Exercise prompt: Below is a block of entries; repeat exactly the lines starting at the line that contains "Initial Letter 'H'" and ending at the line that contains "15.1mm A-Grade Natural", both included.

Working data:

----

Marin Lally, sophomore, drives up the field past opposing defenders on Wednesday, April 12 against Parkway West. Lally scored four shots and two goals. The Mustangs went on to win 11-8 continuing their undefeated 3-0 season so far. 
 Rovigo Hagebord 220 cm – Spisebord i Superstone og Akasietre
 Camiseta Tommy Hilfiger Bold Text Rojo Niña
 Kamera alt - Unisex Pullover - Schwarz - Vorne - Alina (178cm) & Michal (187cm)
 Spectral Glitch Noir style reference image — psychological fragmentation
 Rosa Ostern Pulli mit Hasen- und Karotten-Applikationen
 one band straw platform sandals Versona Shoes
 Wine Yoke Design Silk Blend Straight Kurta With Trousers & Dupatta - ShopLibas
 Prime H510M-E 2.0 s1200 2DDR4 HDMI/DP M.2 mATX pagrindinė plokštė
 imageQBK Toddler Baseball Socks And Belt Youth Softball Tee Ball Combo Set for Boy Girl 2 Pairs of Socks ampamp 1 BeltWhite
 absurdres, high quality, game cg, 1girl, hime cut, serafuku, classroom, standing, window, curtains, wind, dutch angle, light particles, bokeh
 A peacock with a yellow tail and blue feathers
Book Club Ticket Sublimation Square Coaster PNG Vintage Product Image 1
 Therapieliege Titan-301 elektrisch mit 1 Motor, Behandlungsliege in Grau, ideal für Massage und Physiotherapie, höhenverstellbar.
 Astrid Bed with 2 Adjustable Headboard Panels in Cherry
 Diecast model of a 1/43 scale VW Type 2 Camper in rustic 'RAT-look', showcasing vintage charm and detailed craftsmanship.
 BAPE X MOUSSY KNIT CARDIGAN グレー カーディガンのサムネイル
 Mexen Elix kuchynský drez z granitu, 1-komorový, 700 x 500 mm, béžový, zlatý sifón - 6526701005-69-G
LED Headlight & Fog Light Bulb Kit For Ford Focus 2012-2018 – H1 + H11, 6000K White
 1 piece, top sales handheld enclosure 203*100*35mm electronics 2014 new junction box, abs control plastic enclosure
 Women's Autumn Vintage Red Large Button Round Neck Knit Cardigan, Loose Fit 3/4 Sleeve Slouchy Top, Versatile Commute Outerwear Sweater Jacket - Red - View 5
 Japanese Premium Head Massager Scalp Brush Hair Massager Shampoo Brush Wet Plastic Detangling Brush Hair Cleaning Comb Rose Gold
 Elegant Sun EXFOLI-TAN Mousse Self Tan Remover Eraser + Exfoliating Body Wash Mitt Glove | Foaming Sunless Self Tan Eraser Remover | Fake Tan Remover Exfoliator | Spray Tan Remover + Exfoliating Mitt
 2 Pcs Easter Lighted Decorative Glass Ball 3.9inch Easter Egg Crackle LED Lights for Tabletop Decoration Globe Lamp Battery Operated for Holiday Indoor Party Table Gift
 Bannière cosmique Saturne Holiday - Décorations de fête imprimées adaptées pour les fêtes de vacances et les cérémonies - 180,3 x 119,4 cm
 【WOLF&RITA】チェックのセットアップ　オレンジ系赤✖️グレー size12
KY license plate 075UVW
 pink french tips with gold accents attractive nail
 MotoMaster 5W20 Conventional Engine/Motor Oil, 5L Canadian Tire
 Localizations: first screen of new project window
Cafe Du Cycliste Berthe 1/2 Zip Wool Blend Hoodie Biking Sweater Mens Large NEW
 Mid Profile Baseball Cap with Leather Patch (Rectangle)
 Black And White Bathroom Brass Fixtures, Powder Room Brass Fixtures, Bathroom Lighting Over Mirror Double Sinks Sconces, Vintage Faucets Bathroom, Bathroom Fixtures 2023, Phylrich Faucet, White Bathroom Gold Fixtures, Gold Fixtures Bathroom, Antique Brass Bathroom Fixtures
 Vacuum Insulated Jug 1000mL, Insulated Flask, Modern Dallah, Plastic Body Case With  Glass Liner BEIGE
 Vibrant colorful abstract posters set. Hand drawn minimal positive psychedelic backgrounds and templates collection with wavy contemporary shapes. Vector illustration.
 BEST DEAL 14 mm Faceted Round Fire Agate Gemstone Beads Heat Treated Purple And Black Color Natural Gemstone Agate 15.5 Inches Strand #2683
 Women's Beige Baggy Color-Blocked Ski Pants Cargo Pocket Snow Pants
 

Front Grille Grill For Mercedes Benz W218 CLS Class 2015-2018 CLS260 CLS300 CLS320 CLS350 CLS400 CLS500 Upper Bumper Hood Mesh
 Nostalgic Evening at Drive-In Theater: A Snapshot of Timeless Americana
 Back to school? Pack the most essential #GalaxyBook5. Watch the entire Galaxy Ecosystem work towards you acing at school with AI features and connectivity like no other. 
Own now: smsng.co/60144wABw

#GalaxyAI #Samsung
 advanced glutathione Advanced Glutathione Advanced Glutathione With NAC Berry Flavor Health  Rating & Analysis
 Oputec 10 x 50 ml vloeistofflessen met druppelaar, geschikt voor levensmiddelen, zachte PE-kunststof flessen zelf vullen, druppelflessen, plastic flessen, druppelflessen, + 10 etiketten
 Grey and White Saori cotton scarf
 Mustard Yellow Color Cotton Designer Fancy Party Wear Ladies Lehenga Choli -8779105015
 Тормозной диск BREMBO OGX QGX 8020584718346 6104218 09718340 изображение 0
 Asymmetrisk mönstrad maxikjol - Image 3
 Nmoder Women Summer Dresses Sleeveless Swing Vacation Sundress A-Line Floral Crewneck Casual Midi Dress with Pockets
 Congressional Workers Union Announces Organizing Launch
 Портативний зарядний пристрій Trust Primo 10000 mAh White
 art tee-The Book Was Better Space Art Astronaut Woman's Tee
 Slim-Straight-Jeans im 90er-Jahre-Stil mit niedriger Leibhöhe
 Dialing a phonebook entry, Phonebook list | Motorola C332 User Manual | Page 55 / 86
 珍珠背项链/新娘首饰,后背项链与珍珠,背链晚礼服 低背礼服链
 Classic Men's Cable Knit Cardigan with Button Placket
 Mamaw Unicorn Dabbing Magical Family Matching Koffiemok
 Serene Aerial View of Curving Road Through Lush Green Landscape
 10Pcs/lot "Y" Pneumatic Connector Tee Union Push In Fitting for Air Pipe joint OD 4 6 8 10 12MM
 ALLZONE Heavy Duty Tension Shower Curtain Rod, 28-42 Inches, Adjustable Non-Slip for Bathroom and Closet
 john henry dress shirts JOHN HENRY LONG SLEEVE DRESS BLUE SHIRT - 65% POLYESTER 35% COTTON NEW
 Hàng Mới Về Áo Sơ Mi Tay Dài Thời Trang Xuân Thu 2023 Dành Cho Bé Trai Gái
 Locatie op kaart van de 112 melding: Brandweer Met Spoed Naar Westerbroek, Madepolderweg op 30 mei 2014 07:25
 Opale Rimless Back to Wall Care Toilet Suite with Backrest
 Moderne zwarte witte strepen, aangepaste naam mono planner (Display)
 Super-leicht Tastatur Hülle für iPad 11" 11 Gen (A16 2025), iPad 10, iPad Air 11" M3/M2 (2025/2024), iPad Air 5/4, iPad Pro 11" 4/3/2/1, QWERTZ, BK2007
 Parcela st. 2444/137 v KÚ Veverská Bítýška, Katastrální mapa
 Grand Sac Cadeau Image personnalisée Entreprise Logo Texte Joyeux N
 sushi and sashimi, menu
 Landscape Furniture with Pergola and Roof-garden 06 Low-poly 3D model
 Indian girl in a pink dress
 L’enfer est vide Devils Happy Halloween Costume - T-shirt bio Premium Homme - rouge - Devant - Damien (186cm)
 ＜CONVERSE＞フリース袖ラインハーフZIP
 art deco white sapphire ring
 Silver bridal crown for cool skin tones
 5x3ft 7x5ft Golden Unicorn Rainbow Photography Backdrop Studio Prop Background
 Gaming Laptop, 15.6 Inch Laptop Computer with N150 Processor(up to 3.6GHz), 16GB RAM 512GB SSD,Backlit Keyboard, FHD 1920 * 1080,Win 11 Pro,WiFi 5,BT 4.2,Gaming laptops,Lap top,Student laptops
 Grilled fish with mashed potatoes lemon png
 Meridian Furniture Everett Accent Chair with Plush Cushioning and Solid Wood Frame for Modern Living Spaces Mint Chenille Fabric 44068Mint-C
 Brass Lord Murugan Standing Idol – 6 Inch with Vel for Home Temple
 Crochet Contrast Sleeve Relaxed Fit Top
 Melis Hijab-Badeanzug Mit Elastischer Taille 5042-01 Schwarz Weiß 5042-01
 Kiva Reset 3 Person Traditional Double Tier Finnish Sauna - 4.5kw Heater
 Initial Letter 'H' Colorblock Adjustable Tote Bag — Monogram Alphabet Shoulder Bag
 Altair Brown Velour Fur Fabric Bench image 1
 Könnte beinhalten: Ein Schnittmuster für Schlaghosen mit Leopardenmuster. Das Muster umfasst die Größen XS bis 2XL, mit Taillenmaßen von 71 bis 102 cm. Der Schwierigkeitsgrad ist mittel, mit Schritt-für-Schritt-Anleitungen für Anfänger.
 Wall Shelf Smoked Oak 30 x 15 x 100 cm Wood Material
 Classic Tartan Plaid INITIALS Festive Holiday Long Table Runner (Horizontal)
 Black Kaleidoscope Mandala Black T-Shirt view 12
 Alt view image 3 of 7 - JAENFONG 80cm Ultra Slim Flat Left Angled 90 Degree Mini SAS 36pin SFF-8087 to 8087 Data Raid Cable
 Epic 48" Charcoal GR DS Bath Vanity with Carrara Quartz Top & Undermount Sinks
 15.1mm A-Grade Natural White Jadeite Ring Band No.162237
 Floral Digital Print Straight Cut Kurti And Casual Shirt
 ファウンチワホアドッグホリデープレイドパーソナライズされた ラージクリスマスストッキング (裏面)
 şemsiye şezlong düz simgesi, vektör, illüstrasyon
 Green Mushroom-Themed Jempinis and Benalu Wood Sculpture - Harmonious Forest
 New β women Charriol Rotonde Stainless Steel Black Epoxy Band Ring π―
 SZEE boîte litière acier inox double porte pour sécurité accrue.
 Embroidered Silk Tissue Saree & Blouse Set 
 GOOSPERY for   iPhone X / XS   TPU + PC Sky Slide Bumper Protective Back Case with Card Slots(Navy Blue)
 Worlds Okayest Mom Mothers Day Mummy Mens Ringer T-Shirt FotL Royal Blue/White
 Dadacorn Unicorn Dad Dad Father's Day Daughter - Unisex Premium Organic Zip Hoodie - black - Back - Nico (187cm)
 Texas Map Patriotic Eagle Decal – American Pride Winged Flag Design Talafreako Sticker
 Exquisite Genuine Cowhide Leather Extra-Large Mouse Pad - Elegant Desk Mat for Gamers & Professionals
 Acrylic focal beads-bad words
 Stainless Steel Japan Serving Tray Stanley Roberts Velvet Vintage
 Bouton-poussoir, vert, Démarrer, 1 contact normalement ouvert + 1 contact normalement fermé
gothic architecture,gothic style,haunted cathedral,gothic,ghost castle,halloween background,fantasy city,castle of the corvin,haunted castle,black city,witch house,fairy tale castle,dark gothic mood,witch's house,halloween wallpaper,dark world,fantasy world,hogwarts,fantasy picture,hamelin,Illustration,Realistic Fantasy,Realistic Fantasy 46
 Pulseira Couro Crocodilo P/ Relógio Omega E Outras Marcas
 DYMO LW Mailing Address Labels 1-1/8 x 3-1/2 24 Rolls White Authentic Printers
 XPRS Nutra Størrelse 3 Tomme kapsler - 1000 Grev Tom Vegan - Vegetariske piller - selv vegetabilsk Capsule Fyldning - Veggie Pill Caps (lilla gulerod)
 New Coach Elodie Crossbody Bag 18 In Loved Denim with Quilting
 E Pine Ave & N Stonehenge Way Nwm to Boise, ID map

----

Exercise result:
 Initial Letter 'H' Colorblock Adjustable Tote Bag — Monogram Alphabet Shoulder Bag
 Altair Brown Velour Fur Fabric Bench image 1
 Könnte beinhalten: Ein Schnittmuster für Schlaghosen mit Leopardenmuster. Das Muster umfasst die Größen XS bis 2XL, mit Taillenmaßen von 71 bis 102 cm. Der Schwierigkeitsgrad ist mittel, mit Schritt-für-Schritt-Anleitungen für Anfänger.
 Wall Shelf Smoked Oak 30 x 15 x 100 cm Wood Material
 Classic Tartan Plaid INITIALS Festive Holiday Long Table Runner (Horizontal)
 Black Kaleidoscope Mandala Black T-Shirt view 12
 Alt view image 3 of 7 - JAENFONG 80cm Ultra Slim Flat Left Angled 90 Degree Mini SAS 36pin SFF-8087 to 8087 Data Raid Cable
 Epic 48" Charcoal GR DS Bath Vanity with Carrara Quartz Top & Undermount Sinks
 15.1mm A-Grade Natural White Jadeite Ring Band No.162237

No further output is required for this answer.